Türkiye'nin gönül coğrafyası büyüdü, birilerinin hazmedemediği olay bu. Büyük devlet olmak için, sınırlarımızın büyümesine gerek yok. Etki alanımız ve gönül coğrafyamız büyüdüğü zaman zaten büyümüş oluruz. Cumhurbaşkanımız Sayın Recep Tayyip Erdoğan Türkiye'de bir açıklama yapıyor, Saraybosna'dan, Makedonya'dan, Kosova'dan, Katar'dan, Suudi Arabistan'dan, Libya'dan, Mısır'dan, Ürdün'den, Irak'tan ses geliyor. İşte Türkiye'nin etki alanı büyüdüğü için, artık biz güçlü bir Türkiye'yiz. Bizim motorumuzun artık yüksek viteslerde kullanılması lazım. Hamdolsun insan gücümüz var ama bürokrasiyi de aşmamız lazım. Üçlü kararname diye bir şey var. Bölgemize bir hizmet alacağız, Bakana, Başbakana ve Cumhurbaşkanına imzalatmamız lazım. Hepsini aynı anda bulmak zor oluyor, zaman kaybına neden oluyor. Artık Türkiye'nin kaybedecek zamanı yok. Türkiye'de tek elden yetkiyi vereceksiniz, hesabını soracaksınız, sizden başka da hiçbir güce teslim olmayacak. Artık hiç kimse halkın yerine kendini koyup, halkın istemediği bir olayı yapamayacak.

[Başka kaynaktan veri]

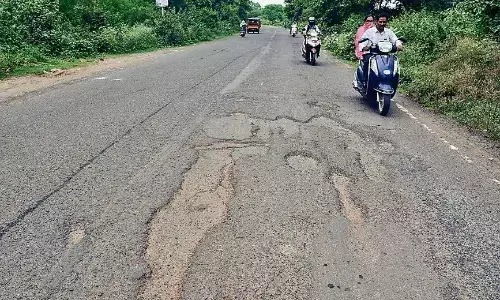 व्हीकल मोड़-न्यू शोभापुर मार्ग जर्जर, चलने लायक नहीं बची सड़क, जिम्मेदार खामोश व्हीकल मोड़-न्यू शोभापुर मार्ग जर्जर, चलने लायक नहीं बची सड़क, जिम्मेदार खामोश
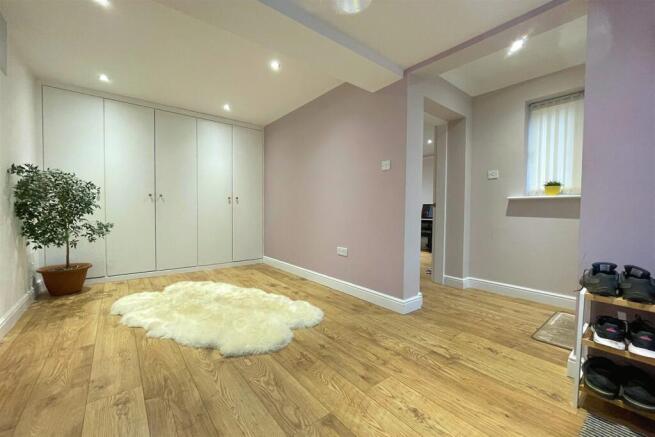 Occasional Sitting R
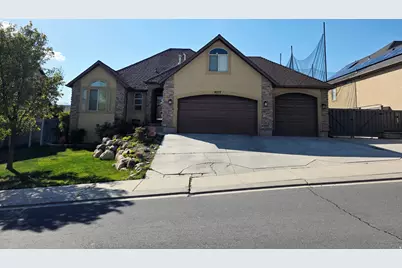 9073 N Clubhouse Ln, Eagle Mountain, UT 84005 - Photo 2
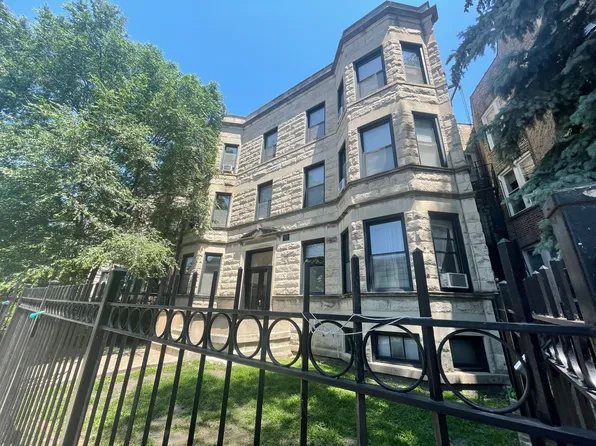 3813 N Wilton Ave APT 1A, Chicago, IL 60613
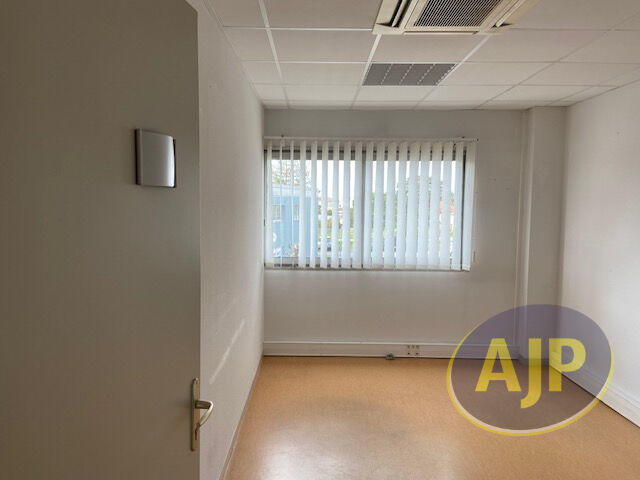 Local d'activité / Entrepôt - 173 m² - 7 pièces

Cumhurbaşkanlığı Hükümet Sistemi'nde, inşallah güçlü bir şekilde 'Evet' çıkarsa Cumhurbaşkanı sizlerin desteğiyle 5 yıllığına gelecek, Muhtar gibi, Belediye Başkanı gibi. 5 senenin sonunda, milletimiz hizmetini beğenirse devam edecek, beğenmezse onu siyasi mezarlığa gönderecek. Bu sistem, sadece Sayın Cumhurbaşkanımız Recep Tayyip Erdoğan ile alakalı değil. Bu ülkede 15 senedir istikrar varsa, Sayın Erdoğan'ın şahsi becerileri sayesinde var. Ama bu ülke sadece bir kişinin şahsi becerilerine bırakılamayacak kadar büyük bir ülke. Yarın Allah muhafaza görevden değişse yada Hakkın rahmetine kavuşsa ülkemizin hali ne olacak? Yeniden belirsizlikler, iki veya daha fazla partili koalisyonlar gelecek, bir tanesi diyecek ki Ziraat Bankasını ben alacağım, bir tanesi diyecek ki Emlak Bankasını sen al, Vakıfbank'ı öbürü alsın, herkes yandaşlarına görev zararı adı altında milletin kaynaklarını peşkeş çekecek, ondan sonra ülkemiz büyüyecek! Bu mümkün değil. Bundan dolayı halk kendi seçecek, beğenmediği zaman değiştirecek. Cumhurbaşkanlığı Hükümet Sisteminde, yüksek bürokratlar da Cumhurbaşkanı ile gelecek Cumhurbaşkanı ile gidecek. Cumhurbaşkanı tekrar seçilmek istiyorsa, bürokratların tamamını milletin dertleriyle hemhal olanlardan seçecek. Birilerinin asıl sıkıntısı bu. Birinci köprüye hayır, ikinci köprüye hayır, havaalanına hayır, ona hayır, buna hayır, her şeye hayır diyorlar. Bu milletin menfaatine bir kere evet dedikleri bir şey var mı? Siz kimin uşaklarısınız? Siz kime çalışıyorsunuz? Hem bu milletin ekmeğini yiyeceksiniz, bu milletin içinde yaşayacaksınız ama bir kere milletin 'Evet' dediğine 'Evet' demeyeceksiniz. Ben sadece önümüzdeki halk oylaması için demiyorum, halk oylaması gelir geçer; millet ne takdir ederse o olur. Gezi olayları yaşandı bu ülkede, şimdiki Cumhurbaşkanımız, o dönemin Başbakanı Sayın Erdoğan 'Nedir talebiniz, 5-10 tane ağaç mı?' diye sordu. 'Üçüncü boğaz köprüsünden ve üçüncü havaalanından vazgeç' dediler. Yani sözün özü şu, artık Türkiye hızlı koşmak zorundadır. Kurucu Genel Başkanımız Sayın Recep Tayyip Erdoğan'ın dediği gibi biz ne aldatan olacağız ne aldanan olacağız. 15 senedir bu milleti hiç aldatmadık, hiçbir zaman da aldatmayacağız. Hepinizi güçlü bir şekilde 'Evet'e destek vermeye; Almanya ile Hollanda'ya da güçlü bir ses vermeye davet ediyorum."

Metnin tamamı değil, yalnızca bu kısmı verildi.